Sunday, April 12, 2009

Free Pickin's!

It's a bit early for any real harvests from the garden yet.  I've snitched a few baby chard leaves and the tops of my fava bean seedlings for a salad, but that's about all my garden has produced so far this season.  But there's a free harvest out there waiting in the wings of our community garden. . . knotweed! The garden is surrounded by groves of Japanese knotweed, an invasive weed that was brought in (like so many other invasive weeds) as an ornamental.  Unfortunately it has done so well here that it's crowding out native plants and is considered to be one of the world's worst invasive species.  What can we do about it?  Eat it!  Yes, Japanese knotweed is edible, but only for a very short time, and that time is now.  It's only the new, tender spring shoots that are edible--in a few short weeks this fast-growing weed will be much too woody to eat.  

Japanese knotweed shoots are similar in appearance and speed of growth to asparagus, but in flavor they're very similar to rhubarb.  Pick nice fat shoots when they're a foot tall or less, strip off any leaves, and use it as you would rhubarb.  Today I'm making a knotweed crumble.
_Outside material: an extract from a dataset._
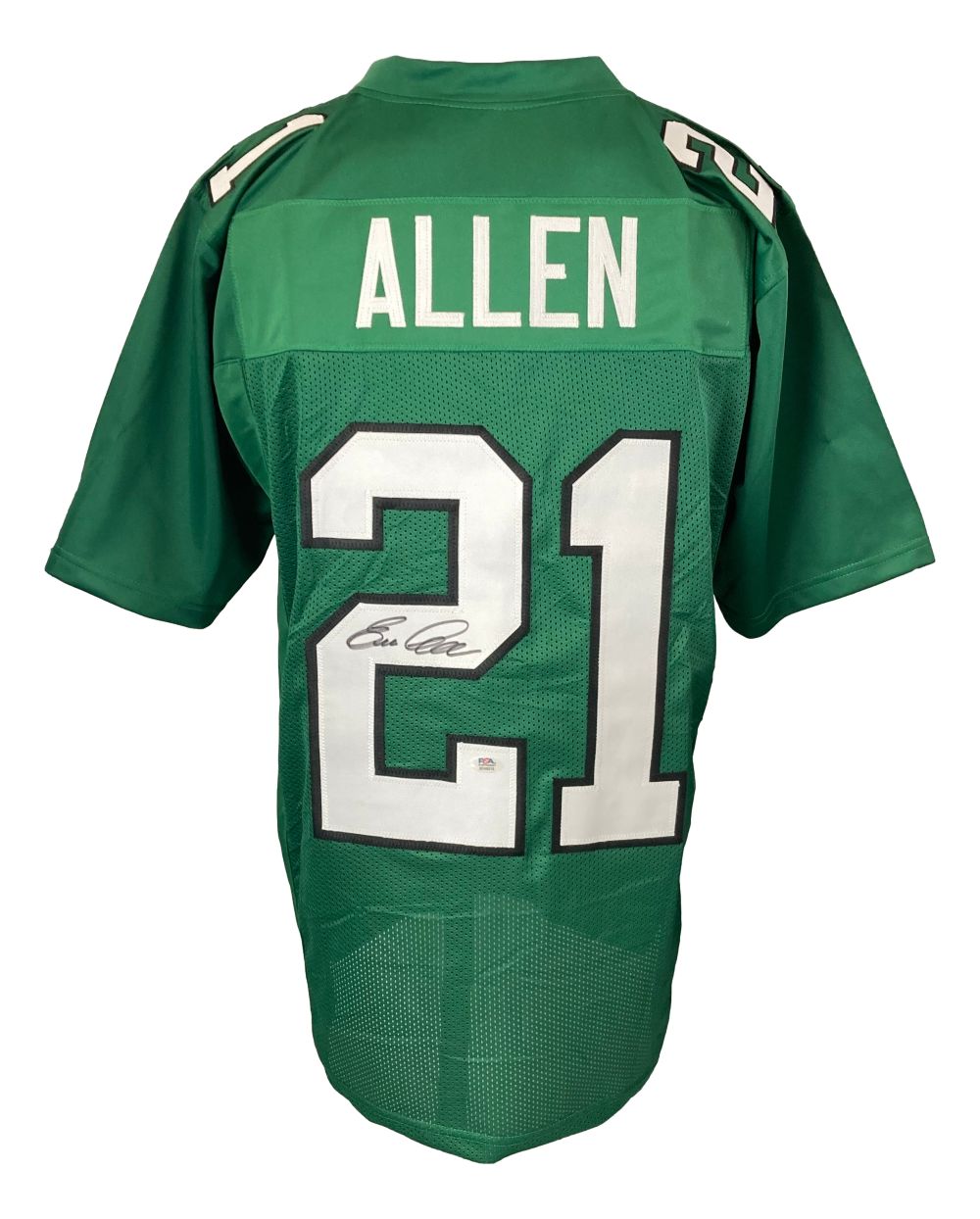 Eric Allen Philadelphia Signed Green Football Jersey PSA/DNA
Knotweed shoots are hollow, so use a bit more per recipe than you would rhubarb since it shrinks down more as it cooks.  It's also slightly less tart than rhubarb, so I like to add a little lemon juice.  I first learned about eating knotweed from "Wildman" Steve Brill's website, which includes lots of recipes and great information about the plant (along with lots of other great foraging advice).
So, do your civic duty and harvest some knotweed shoots, and get a free meal in the bargain!

1 comment:

Anonymous said...

wow that's pretty cool! I grew up with these around frick, never thought of eating them. thanks for the tip!